The McDonnell F-101 Voodoo was a supersonic jet fighter which served the United States Air Force (USAF) and the Royal Canadian Air Force (RCAF). Initially designed by McDonnell Aircraft as a long-range bomber escort (known as a penetration fighter) for the Strategic Air Command (SAC), the Voodoo was instead developed as a nuclear-armed fighter-bomber for the Tactical Air Command (TAC), and as a photo reconnaissance aircraft based on the same airframe. Extensively modified versions were produced as an all-weather interceptor aircraft, serving with the Air Defense Command, later renamed the Aerospace Defense Command (ADC), the Air National Guard, the Royal Canadian Air Force and the unified Canadian Forces after 1968.



(USAF F-101B Voodoo)



(A Canadian CF-101B Voodoo protecting the great white north)




(A Canadian CF-101B Voodoo, firing an AIR-2 Genie nuclear rocket - In case of war this air-to-air unguided rocket would be tipped with a nuclear warhead)



F-101B / CF-101B / EF-101B

In the late 1940s, the Air Force had started a research project into future interceptor aircraft that eventually settled on an advanced specification known as the 1954 interceptor. Contracts for this specification eventually resulted in the selection of the F-102 Delta Dagger, but by 1952 it was becoming clear that none of the parts of the specification other than the airframe would be ready by 1954; the engines, weapons and fire control systems were all going to take too long to get into service. An effort was then started to quickly produce an interim supersonic design to replace the various subsonic interceptors then in service, and the F-101 airframe was selected as a starting point.

Although McDonnell proposed the designation F-109 for the new aircraft (which was to be a substantial departure from the basic Voodoo), the USAF assigned the designation F-101B. It was first deployed into service on January 5, 1959, with the 60th Fighter-Interceptor Squadron. The production ended in March 1961. The Voodoo featured a modified cockpit to carry a crew of two, with a larger and more rounded forward fuselage to hold the Hughes MG-13 fire control radar of the F-102. It had data link to the Semi-Automatic Ground Environment (SAGE) system, allowing ground controllers to steer the aircraft towards its targets by making adjustments through the plane's autopilot.

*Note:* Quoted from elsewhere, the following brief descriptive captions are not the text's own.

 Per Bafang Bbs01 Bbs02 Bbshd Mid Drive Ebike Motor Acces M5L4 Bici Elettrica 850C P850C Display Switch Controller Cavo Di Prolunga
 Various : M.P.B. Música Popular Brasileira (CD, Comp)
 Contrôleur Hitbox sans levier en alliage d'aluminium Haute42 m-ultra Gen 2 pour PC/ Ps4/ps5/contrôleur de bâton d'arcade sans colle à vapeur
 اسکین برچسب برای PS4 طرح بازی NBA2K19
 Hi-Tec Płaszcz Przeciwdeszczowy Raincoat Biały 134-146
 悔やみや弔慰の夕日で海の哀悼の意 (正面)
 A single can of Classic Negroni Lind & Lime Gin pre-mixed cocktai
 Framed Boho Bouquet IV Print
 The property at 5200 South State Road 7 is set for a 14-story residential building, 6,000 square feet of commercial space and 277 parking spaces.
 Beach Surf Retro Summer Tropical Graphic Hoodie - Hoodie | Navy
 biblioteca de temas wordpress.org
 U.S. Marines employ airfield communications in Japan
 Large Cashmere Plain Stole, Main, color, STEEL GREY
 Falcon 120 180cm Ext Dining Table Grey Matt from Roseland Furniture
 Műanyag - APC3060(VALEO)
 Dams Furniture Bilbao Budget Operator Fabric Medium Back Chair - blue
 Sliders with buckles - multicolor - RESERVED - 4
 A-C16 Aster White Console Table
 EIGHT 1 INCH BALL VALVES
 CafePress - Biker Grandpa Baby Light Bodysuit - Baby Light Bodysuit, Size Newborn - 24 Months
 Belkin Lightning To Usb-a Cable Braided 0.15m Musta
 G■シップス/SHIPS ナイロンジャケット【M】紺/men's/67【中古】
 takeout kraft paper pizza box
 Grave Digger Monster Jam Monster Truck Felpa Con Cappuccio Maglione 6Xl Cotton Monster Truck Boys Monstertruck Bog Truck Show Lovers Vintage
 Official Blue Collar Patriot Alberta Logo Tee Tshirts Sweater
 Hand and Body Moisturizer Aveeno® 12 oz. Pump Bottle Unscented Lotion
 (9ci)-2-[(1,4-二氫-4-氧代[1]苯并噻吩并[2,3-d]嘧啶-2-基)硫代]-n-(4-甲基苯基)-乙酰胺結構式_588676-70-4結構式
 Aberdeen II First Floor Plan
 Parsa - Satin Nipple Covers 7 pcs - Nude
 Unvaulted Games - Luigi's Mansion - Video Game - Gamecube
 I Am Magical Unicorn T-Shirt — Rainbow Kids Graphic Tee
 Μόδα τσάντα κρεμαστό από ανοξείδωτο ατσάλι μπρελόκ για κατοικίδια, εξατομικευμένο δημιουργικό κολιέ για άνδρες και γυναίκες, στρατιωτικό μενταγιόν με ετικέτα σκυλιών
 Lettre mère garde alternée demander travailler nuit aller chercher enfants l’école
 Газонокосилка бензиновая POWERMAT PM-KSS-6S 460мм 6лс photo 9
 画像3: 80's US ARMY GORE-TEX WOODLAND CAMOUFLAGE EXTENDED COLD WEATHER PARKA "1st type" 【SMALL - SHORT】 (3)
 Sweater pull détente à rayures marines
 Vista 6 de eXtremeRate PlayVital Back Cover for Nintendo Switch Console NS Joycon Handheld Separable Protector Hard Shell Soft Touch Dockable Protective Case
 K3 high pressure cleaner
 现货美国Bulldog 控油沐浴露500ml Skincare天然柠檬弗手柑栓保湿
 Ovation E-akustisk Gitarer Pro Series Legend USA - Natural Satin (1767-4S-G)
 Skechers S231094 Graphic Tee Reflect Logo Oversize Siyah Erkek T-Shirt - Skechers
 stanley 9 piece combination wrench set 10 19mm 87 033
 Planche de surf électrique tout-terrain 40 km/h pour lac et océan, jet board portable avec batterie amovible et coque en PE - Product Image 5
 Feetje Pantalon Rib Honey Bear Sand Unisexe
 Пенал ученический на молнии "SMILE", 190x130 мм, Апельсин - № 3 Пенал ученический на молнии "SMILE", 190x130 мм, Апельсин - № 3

The F-101B had more powerful Pratt & Whitney J57-P-55 engines, making it the only Voodoo not using the -13 engines. The new engines featured a substantially longer afterburner than J57-P-13s. To avoid a major redesign, the extended afterburners were simply allowed to extend out of the fuselage by almost 8 ft (2.4 m). The more powerful engines and aerodynamic refinements allowed an increased speed of Mach 1.85.

The F-101B was stripped of the four M39 cannons and carried four AIM-4 Falcon air-to-air missiles instead, arranged two apiece on a rotating pallet in the fuselage weapons bay. The initial load was two GAR-1 (AIM-4A) semi-active radar homing and two GAR-2 (AIM-4B) infrared-guided weapons with one of each carried on each side of the rotating pallet. After the first two missiles were fired, the door turned over to expose the second pair. Standard practice was to fire the weapons in SARH/IR pairs to increase the likelihood of a hit. Late-production models had provision for two 1.7-kiloton MB-1/AIR-2 Genie nuclear rockets on one side of the pallet with IR-guided GAR-2A (AIM-4C) on the other side. "Project Kitty Car" upgraded most earlier F-101Bs to this standard beginning in 1961.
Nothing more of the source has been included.